The first phase 2 gene therapy trial for treating HIV has shown some promising results, although it is too early to say if this kind of treatment will be viable, there is enough evidence to justify further research into how to improve the approach, said the investigators.
The research was the work of Dr Ronald T Mitsuyasu of the University of California Los Angeles (UCLA) and colleagues from UCLA and other research centres in the US, Australia and Germany, and was published online in Nature Medicine on 15 February.
Mitsuyasu is the Director of the Center for Clinical AIDS Research and Education at UCLA (CARE), a Professor of Medicine in Residence at the UCLA David Geffen School of Medicine, and an Associate Director of the UCLA AIDS Institute.
Although this first randomized, double-blind, placebo-controlled phase 2 trial in 74 HIV infected adults did not show a statistically significant difference in viral load between the treatment and the placebo groups at the primary endpoint, other analyses “did reveal that the gene therapy seemed to have a modest, but statistically significant, effect at reducing viral load in the treated subjects versus the placebo arm”, said the article summary, which also suggested that the trial provided useful clues about what to improve for the future.
Although highly active antiretroviral therapy (HAART) has greatly improved quality of life and extended the lives of people with HIV, there is a risk of adverse side effects and the virus is starting to mutate into forms that are less responsive, so the need for a new kind of treatment is increasing every day.
Gene therapy has the potential to be a once only treatment that reduces the amount of HIV present in the body, preserves the immune system and avoids having to be on HAART for life.
For the study, Mitsuyasu and colleagues took blood stem cells (CD34+ hematopoietic progenitor cells) from the patients in the treatment group, modified them to carry an enzyme called OZ1, and then reinjected them back into the patients.
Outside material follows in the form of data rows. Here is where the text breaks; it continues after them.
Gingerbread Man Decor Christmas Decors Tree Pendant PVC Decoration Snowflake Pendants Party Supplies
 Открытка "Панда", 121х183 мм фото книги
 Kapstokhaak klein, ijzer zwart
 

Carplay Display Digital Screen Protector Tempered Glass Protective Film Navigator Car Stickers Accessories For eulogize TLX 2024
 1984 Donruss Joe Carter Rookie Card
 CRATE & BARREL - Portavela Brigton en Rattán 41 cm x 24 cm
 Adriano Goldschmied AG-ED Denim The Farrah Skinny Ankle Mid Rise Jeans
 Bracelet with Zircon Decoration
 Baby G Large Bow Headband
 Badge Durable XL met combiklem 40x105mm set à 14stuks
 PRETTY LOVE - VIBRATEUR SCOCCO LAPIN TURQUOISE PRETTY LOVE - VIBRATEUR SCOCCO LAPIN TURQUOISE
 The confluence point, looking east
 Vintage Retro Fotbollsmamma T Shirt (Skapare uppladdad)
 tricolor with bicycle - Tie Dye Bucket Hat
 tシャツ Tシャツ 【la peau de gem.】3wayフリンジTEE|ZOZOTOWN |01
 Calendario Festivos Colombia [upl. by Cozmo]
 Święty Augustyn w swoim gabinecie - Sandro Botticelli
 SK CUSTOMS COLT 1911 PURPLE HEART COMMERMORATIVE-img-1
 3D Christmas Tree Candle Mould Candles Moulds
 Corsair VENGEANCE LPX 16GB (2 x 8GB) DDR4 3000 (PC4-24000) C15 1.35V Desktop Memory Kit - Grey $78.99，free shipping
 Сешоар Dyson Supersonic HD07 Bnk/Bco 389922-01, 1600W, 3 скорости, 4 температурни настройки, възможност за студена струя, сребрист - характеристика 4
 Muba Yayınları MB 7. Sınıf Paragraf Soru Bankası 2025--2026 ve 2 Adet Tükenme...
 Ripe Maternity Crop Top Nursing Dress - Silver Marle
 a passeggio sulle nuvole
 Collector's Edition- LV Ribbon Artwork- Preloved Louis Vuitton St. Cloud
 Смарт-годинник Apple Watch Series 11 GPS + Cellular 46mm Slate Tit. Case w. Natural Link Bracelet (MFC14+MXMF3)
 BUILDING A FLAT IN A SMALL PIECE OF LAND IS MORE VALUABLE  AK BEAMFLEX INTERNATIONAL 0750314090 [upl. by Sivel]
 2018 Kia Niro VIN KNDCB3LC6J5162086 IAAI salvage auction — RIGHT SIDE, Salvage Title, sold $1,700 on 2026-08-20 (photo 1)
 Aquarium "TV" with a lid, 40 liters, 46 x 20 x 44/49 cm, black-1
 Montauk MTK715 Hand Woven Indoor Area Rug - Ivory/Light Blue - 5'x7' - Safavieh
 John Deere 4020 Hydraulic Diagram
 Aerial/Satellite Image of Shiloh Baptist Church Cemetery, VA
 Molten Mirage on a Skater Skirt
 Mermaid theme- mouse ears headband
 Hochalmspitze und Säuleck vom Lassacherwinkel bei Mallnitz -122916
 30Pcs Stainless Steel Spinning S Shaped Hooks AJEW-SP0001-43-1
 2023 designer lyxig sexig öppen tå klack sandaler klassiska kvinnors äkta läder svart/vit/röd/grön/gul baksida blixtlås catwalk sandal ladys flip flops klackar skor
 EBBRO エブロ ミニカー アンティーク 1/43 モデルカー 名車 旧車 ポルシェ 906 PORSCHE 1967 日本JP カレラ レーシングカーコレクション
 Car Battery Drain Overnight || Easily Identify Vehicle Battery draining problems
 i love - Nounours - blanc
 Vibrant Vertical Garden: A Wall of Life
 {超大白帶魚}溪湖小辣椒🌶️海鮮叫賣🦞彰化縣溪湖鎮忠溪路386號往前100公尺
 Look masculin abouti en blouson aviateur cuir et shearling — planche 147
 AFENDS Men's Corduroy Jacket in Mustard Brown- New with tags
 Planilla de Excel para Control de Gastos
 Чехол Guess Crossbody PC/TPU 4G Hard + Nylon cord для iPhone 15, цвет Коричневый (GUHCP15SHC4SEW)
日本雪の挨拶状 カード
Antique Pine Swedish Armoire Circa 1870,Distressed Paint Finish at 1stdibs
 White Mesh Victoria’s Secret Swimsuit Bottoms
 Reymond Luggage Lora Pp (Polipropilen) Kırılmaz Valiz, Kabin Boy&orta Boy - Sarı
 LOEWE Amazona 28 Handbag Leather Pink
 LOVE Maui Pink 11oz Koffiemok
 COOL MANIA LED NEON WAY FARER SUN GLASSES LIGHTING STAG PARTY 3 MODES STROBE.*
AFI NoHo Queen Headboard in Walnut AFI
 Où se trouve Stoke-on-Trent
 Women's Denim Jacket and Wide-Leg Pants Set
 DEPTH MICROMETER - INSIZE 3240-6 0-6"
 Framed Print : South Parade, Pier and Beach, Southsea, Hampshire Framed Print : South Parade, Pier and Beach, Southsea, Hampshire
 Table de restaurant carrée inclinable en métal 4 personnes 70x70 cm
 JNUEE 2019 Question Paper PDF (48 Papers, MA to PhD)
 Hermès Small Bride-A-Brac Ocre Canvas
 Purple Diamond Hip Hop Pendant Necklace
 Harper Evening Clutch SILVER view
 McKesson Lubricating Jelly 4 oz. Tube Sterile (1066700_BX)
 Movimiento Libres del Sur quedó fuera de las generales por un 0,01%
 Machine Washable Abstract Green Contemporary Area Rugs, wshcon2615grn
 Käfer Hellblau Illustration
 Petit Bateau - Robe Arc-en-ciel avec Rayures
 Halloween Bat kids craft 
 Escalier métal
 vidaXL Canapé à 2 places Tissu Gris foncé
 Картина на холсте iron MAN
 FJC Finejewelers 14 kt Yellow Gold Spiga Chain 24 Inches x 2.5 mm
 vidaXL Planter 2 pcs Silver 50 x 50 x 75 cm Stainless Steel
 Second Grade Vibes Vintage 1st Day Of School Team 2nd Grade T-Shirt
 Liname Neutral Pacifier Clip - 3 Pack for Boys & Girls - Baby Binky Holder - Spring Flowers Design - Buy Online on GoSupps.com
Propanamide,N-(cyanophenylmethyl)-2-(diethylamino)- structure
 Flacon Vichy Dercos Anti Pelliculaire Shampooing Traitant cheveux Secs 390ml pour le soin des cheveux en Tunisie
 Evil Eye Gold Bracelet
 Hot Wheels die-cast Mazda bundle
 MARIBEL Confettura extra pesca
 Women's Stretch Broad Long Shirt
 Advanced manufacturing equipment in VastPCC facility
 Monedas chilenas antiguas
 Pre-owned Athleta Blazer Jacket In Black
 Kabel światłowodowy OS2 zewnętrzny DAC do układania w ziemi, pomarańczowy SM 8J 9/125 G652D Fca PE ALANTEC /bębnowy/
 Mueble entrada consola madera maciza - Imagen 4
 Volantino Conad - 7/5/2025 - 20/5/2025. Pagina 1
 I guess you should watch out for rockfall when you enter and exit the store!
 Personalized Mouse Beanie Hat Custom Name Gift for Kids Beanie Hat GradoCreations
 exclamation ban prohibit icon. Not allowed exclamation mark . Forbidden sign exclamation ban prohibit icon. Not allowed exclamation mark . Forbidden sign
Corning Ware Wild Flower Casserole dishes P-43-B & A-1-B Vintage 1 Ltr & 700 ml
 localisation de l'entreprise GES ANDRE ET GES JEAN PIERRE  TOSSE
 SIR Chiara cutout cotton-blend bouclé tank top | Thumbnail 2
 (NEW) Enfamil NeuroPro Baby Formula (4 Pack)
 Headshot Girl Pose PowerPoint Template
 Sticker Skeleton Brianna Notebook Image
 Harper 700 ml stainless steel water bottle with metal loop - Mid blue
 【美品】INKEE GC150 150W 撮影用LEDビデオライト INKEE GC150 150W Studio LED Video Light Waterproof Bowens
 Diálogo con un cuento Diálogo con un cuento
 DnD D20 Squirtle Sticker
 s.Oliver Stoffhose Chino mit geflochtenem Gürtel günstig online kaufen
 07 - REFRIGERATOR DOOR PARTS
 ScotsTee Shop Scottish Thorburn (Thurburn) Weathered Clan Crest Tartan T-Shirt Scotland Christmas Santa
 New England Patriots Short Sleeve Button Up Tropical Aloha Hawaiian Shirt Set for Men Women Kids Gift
OZ1 targets two proteins that stop HIV replicating itself. The patients in the placebo group underwent the same procedure except that they received a placebo.
The trial was double blinded, so neither the patients nor the health care team treating them knew whether their stem cells carried the active enzyme or a placebo.
After 48 weeks the results showed there was no statistically significant difference between the two groups in terms of the viral load (the amount of HIV circulating in their bloodstream).
But after 100 weeks, the patients who had received OZ1 had higher levels of CD4+ cells circulating in their bloodstream: CD4+ cells are key immune cells that are targeted and destroyed by HIV.
The authors concluded that:
“This study indicates that cell-delivered gene transfer is safe and biologically active in individuals with HIV and can be developed as a conventional therapeutic product.”
According to BBC News, Mitsuyasu told the press this was the first study to undergo the tight protocols of a controlled clinical trial where patients didn’t know if they were in the treatment or the placebo group.
Mitsuyasu said that while the treatment is a long way from being ready for clinical use compared to the well tested HAART, the study showed it has potential: they now have “proof of concept” that inserting a single anti-HV gene into patients’ blood stem cells can reduce the virus’ ability to self-replicate.
“Gene therapy has the potential of needing only a one-time or infrequent administration of product and would allow the patients to control their own HIV internally without the need for continuous drug therapy,” he said.
But Mitsuyasu said more trials and long-term follow up were needed to make sure the therapy was effective and safe in the longer term.
“Phase 2 gene therapy trial of an anti-HIV ribozyme in autologous CD34+ cells.”
Ronald T Mitsuyasu, Thomas C Merigan, Andrew Carr, Jerome A Zack, Mark A Winters, Cassy Workman, Mark Bloch, Jacob Lalezari, Stephen Becker, Lorna Thornton, Bisher Akil, Homayoon Khanlou, Robert Finlayson, Robert McFarlane, Don E Smith, Roger Garsia, David Ma, Matthew Law, John M Murray, Christof von Kalle, Julie A Ely, Sharon M Patino, Alison E Knop, Philip Wong, Alison V Todd, Margaret Haughton, Caroline Fuery, Janet L Macpherson, Geoff P Symonds, Louise A Evans, Susan M Pond & David A Cooper.
Nature Medicine Published online: 15 February 2009.